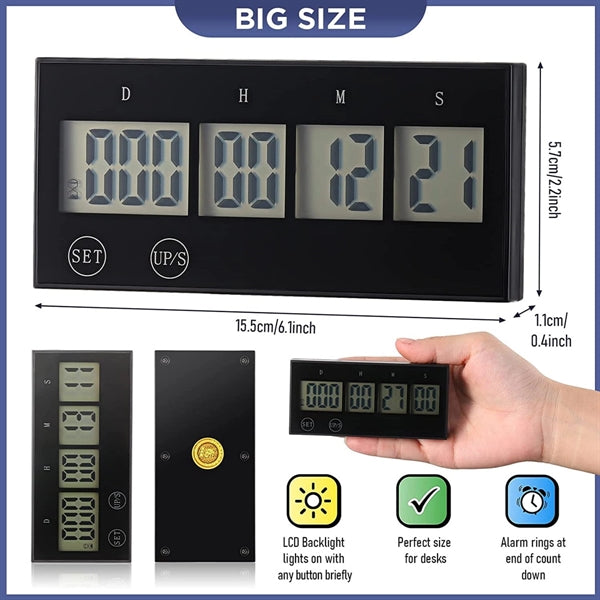 Led Countdown Clock Digital Timer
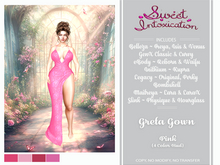 ::Sweet Intoxication:: Greta Gown - Pink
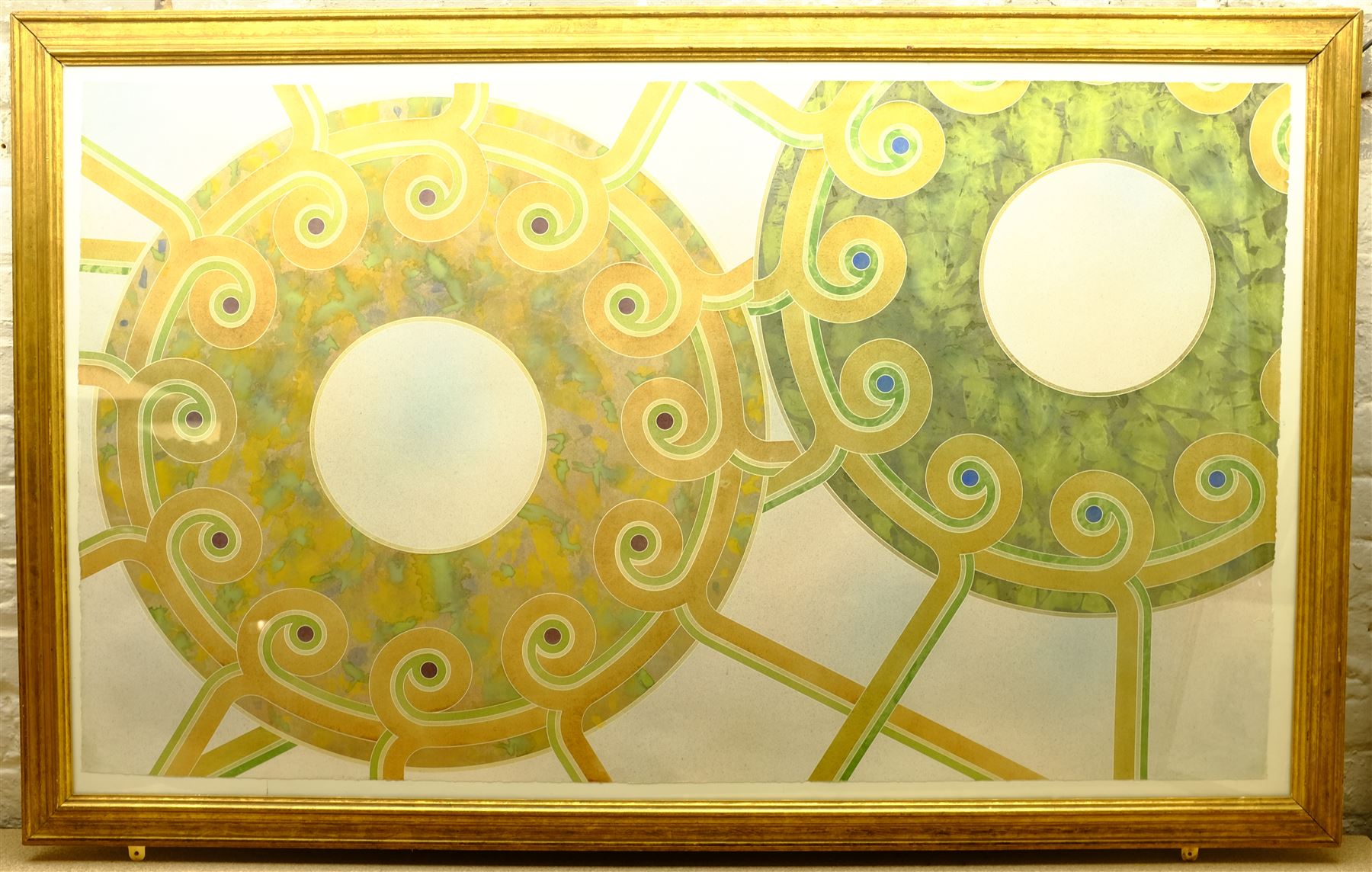 Richard Rush (British 1944-): 'One Moment', watercolour signed, titled and dated 1973 on exhibition label verso 79cm x 137cm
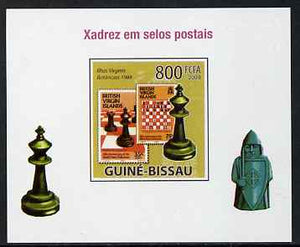 Guinea - Bissau 2009 Chess on Stamps #04 individual imperf deluxe sheet unmounted mint. Note this item is privately produced and is offered purely on its thematic appeal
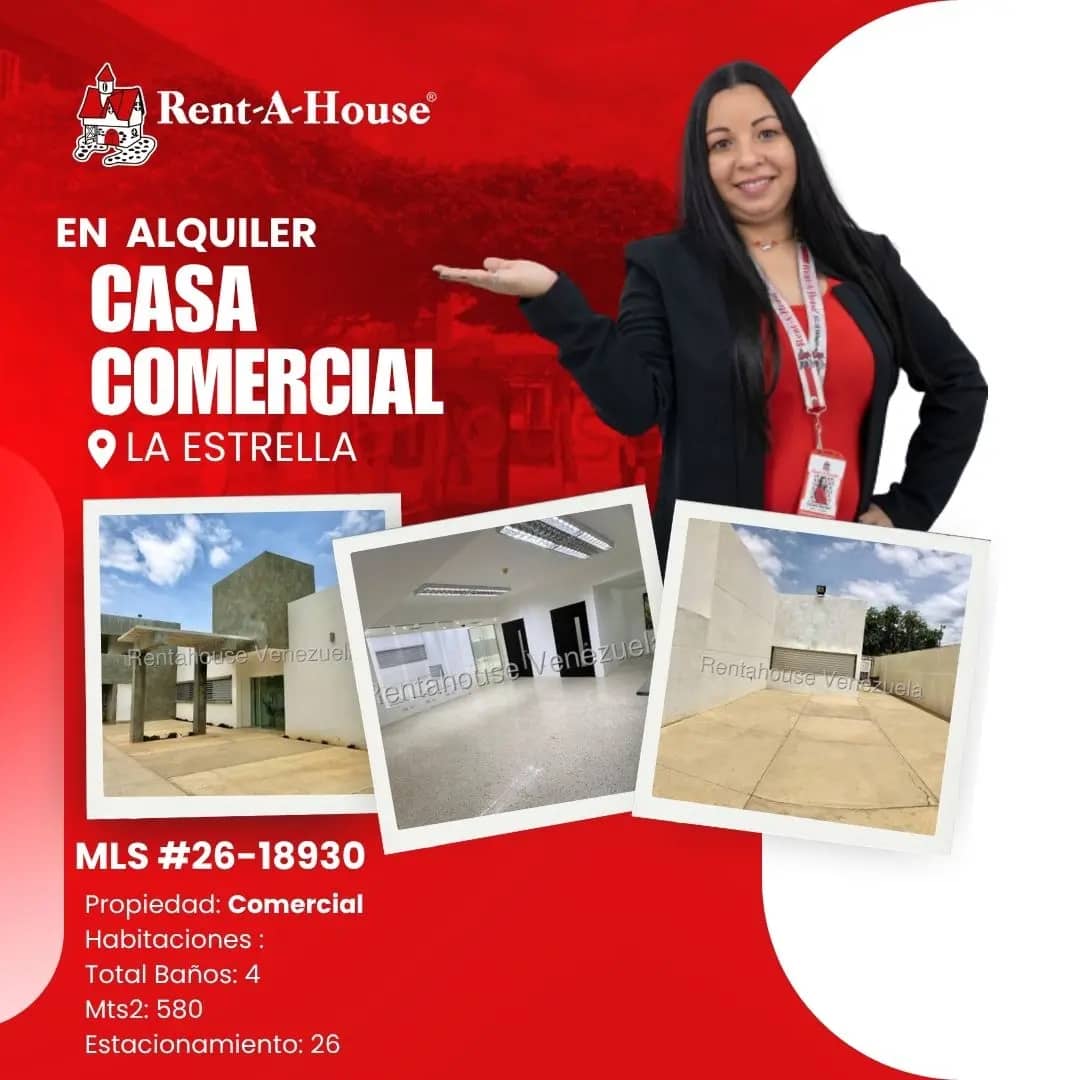 MLS 26-18930 ALQUILER DE CASA COMERCIAL EN LA ESTRELLA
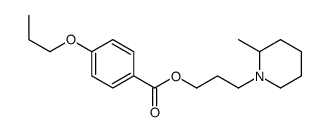 3-(2-Methylpiperidino)propyl=p-propoxybenzoate结构式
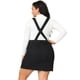 thumbnail image 5 of Plus Size Overall Dress for Women Chambray Jean Denim Suspender Dresses Black 3X, 5 of 7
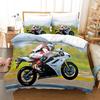 Super Cool Motorcycle AU Queen 210x210cm Bedding Duvet Cover Sets Kids,twin Full Queen King Bedroom Set Bedclothes 100% Quality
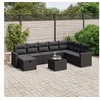 Image de Salon de Jardin avec Coussins 9 pcs, Canapés de Terrasse, Ensemble de Meubles de Patio, Mobilier d'Extérieur, Noir 3263591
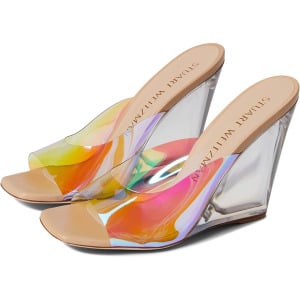 Туфли Stuart Weitzman Tia 100 Lucite Wedge, цвет Aurora/Adobe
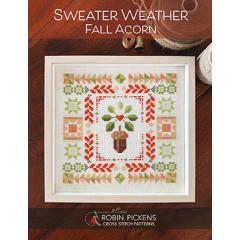 Stickvorlage Robin Pickens INC - Fall Acorn - Sweater Weather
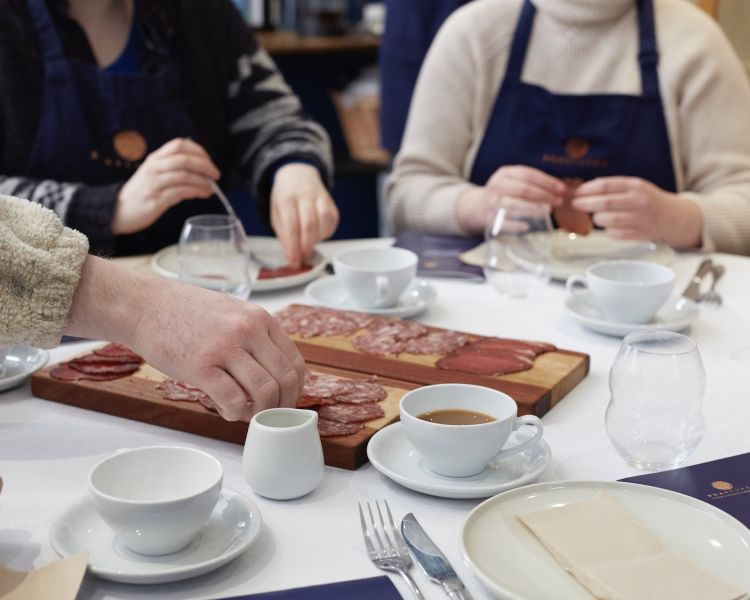tasting lunch with charcuterie course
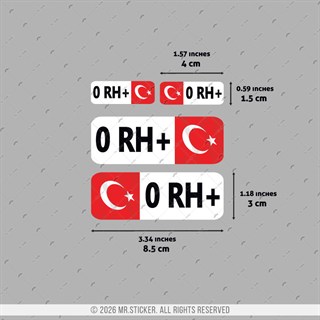 CSFTBT02 0 Rh Pozitif (+) Kan Grubu Etiket Seti
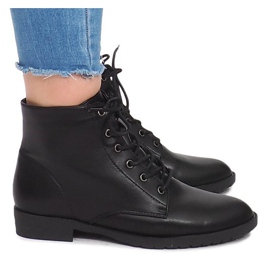 Bottines à Lacets H7186 Noir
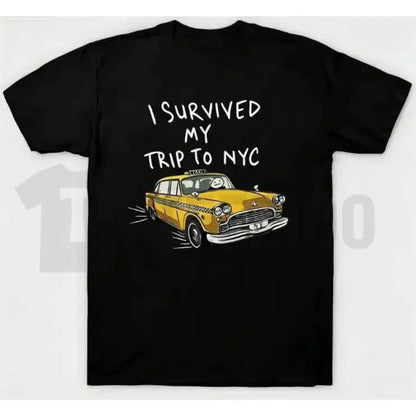 Tom I Survived My Trip To NYC White Tee – Movie Parody Graphic Shirt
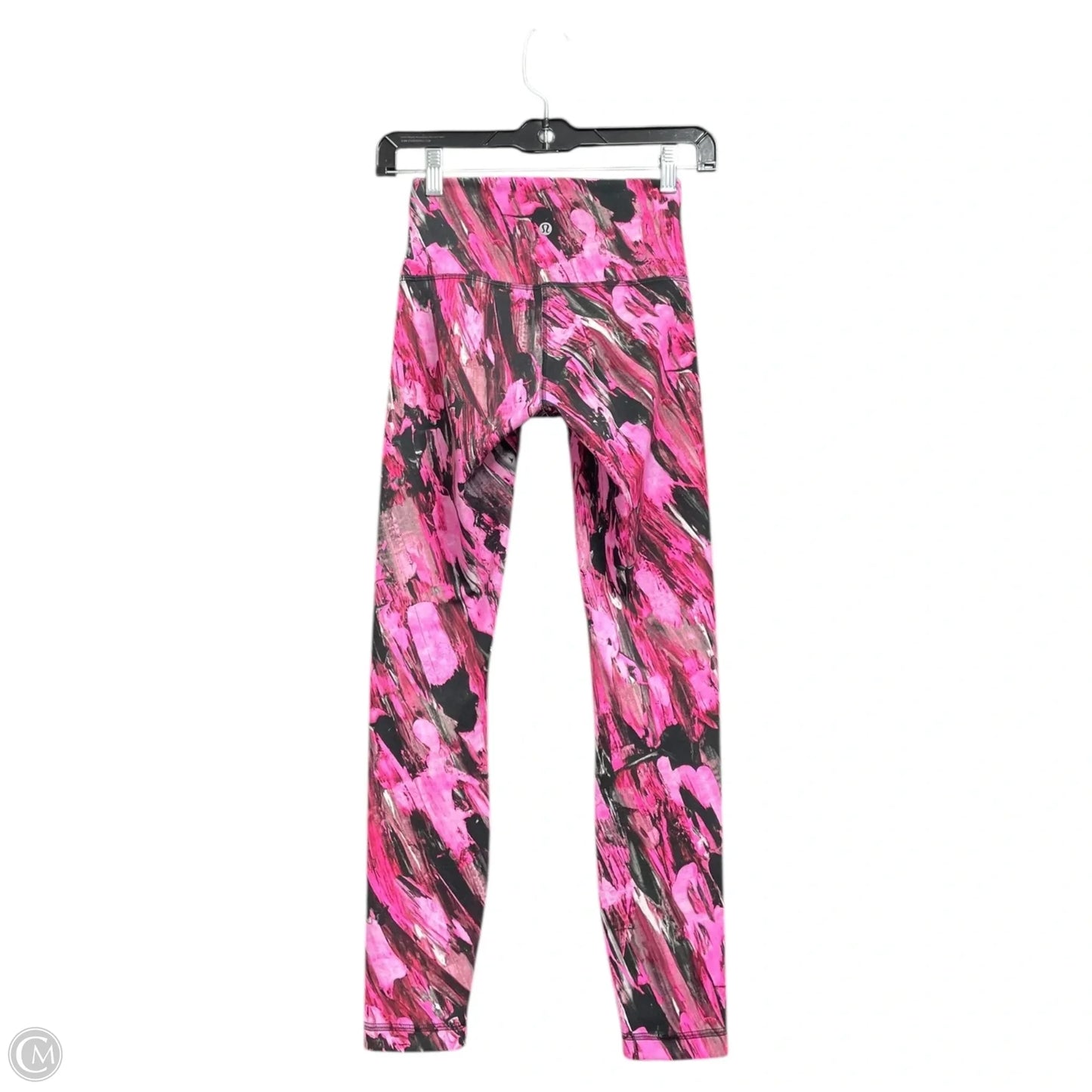 Athletic Leggings By Lululemon In Pink, Size: Xs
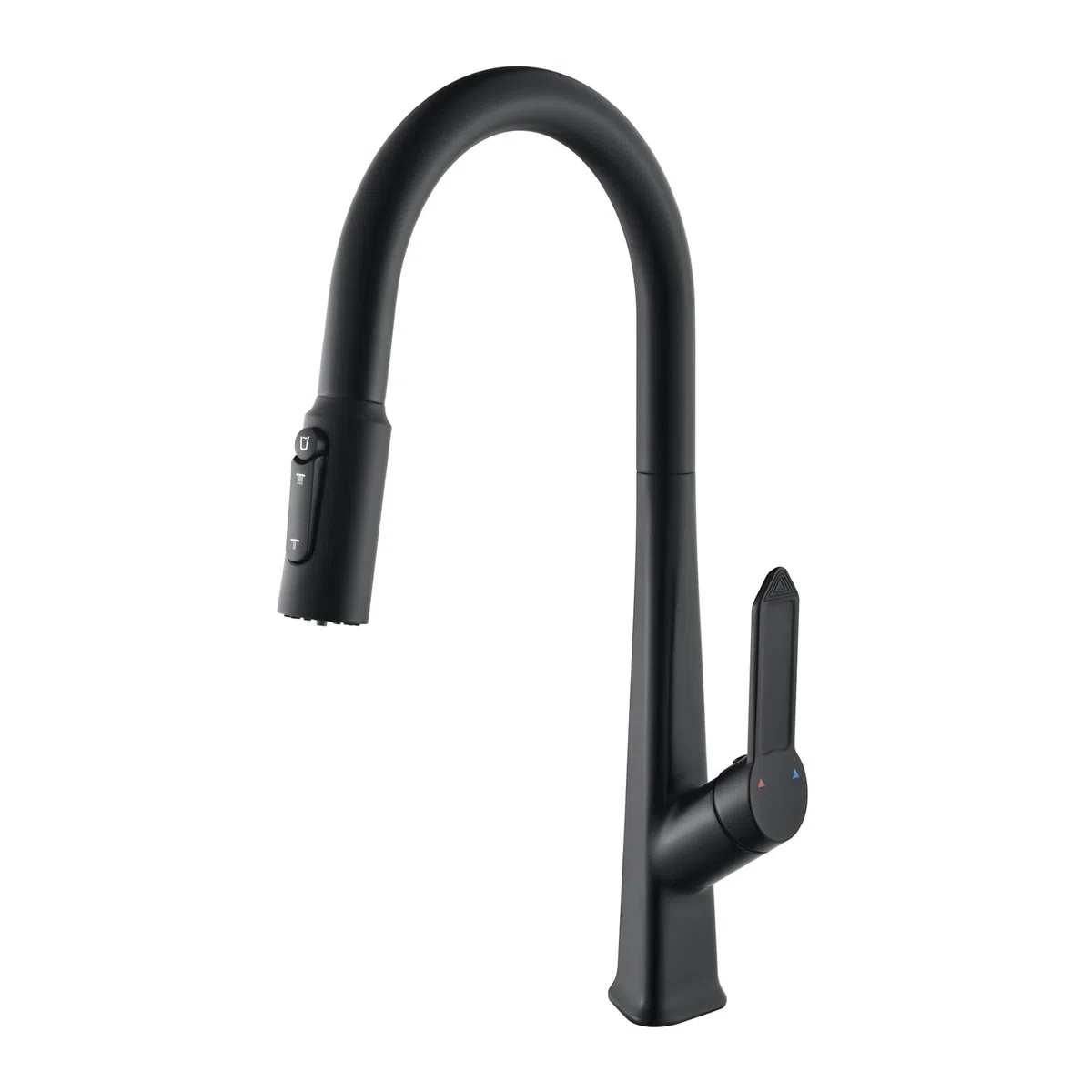 Rubinetto da Cucina A 3 Vie con Filtro per Acqua Potabile, Miscelatore per Lavello in Oro Rosa Spazzolato, Rubinetto A Doppia Maniglia per Uso Domestico E Commerciale, El,Negro-A
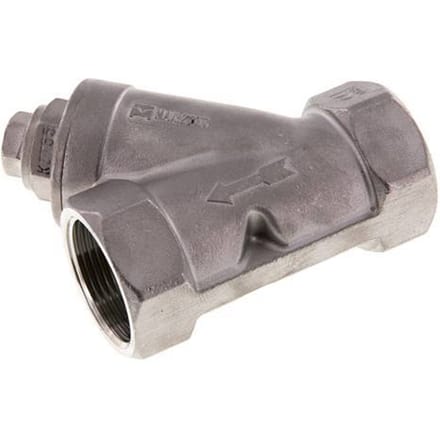 G 1 1/4'' RVS Y-filter 1 mm Maaswijdte 40 Bar - SLSE-114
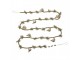 Decoration Christmas Garland ? 2x180 Cm Silver Colored Metal Glass - ? 2*180 cm Clayre & Eef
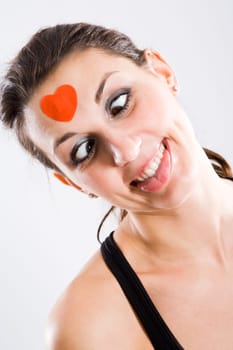 Valentine's Day hangs out at the neck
* * * * *
* Exercise requirements
Copy the lines above exactly, starting with the line that contains "thumbnail image 5" and ending with the line that contains "Bottines à Lacets H7186 Noir", and leave out any pictures.

* Solution to this exercise
 thumbnail image 5 of Plus Size Overall Dress for Women Chambray Jean Denim Suspender Dresses Black 3X, 5 of 7
 Super Cool Motorcycle AU Queen 210x210cm Bedding Duvet Cover Sets Kids,twin Full Queen King Bedroom Set Bedclothes 100% Quality
 Image de Salon de Jardin avec Coussins 9 pcs, Canapés de Terrasse, Ensemble de Meubles de Patio, Mobilier d'Extérieur, Noir 3263591
 Туфли Stuart Weitzman Tia 100 Lucite Wedge, цвет Aurora/Adobe
 Stickvorlage Robin Pickens INC - Fall Acorn - Sweater Weather
tasting lunch with charcuterie course
 CSFTBT02 0 Rh Pozitif (+) Kan Grubu Etiket Seti
 Bottines à Lacets H7186 Noir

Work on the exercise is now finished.